» **TASK TO COMPLETE**: Copy exactly. Include the line containing "this 800×600 image.", every line after it, and the last line below, but no pictures.

-- INFORMATION follows --

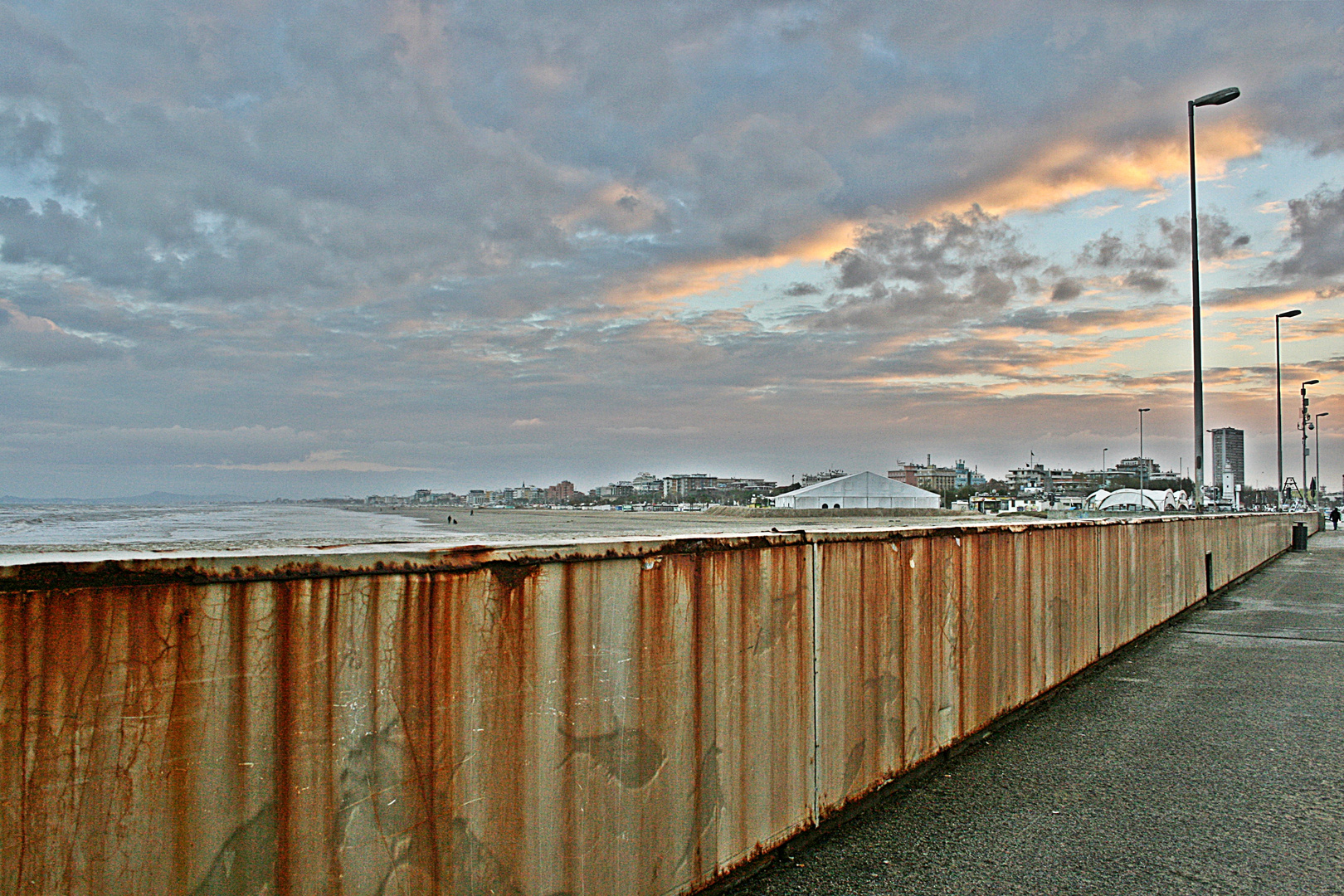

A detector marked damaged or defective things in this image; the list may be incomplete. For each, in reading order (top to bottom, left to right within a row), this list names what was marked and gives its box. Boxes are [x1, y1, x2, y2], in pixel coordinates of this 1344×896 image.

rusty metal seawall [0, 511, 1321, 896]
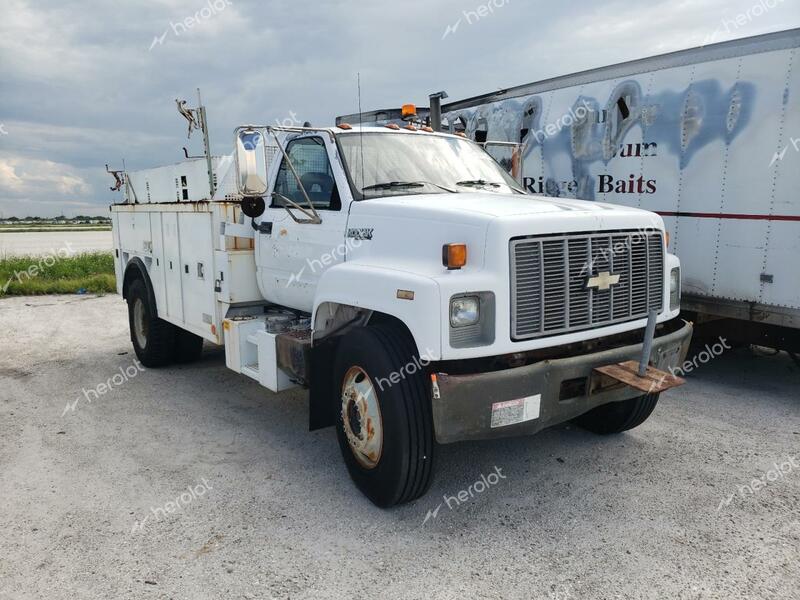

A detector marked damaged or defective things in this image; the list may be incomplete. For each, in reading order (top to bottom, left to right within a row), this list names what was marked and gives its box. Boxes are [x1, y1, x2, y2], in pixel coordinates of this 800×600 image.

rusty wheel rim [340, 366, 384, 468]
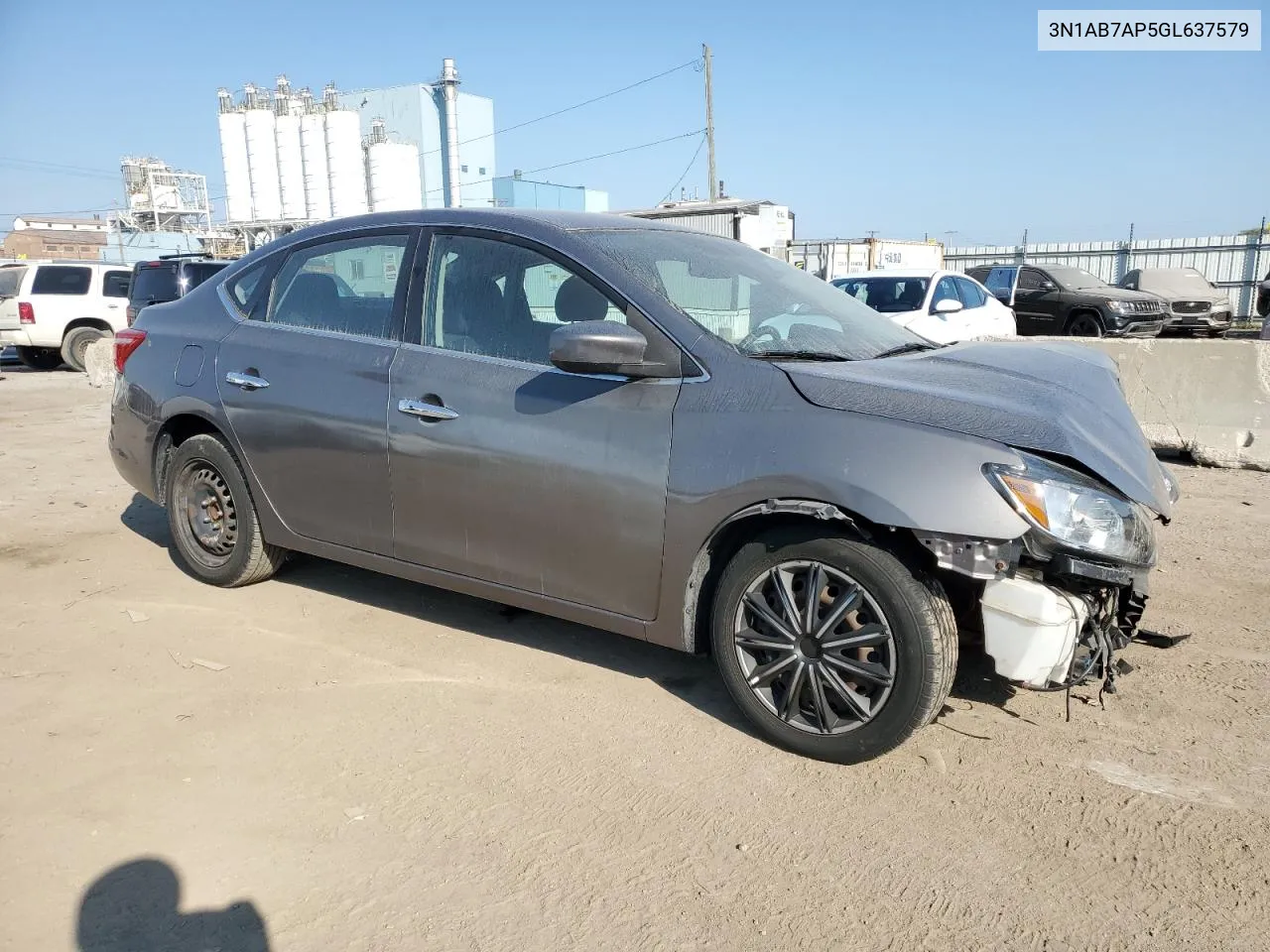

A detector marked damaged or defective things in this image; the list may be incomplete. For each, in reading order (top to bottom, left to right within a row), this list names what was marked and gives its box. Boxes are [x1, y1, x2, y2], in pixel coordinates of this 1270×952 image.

-- INFORMATION concluded --

» **SOLVED PROBLEM**:
A detector marked damaged or defective things in this image; the list may be incomplete. For each, in reading order (top to bottom, left to right within a row), this list names what was marked and gives its box. Boxes are [x1, y1, x2, y2], in pixel coordinates of this 800×600 image.

rusty wheel rim [340, 366, 384, 468]

A detector marked damaged or defective things in this image; the list may be incomplete. For each, in reading order (top to bottom, left to right within a row), this list names what was marked and gives its box. Boxes are [x1, y1, x2, y2], in pixel coordinates of this 1270×952 image.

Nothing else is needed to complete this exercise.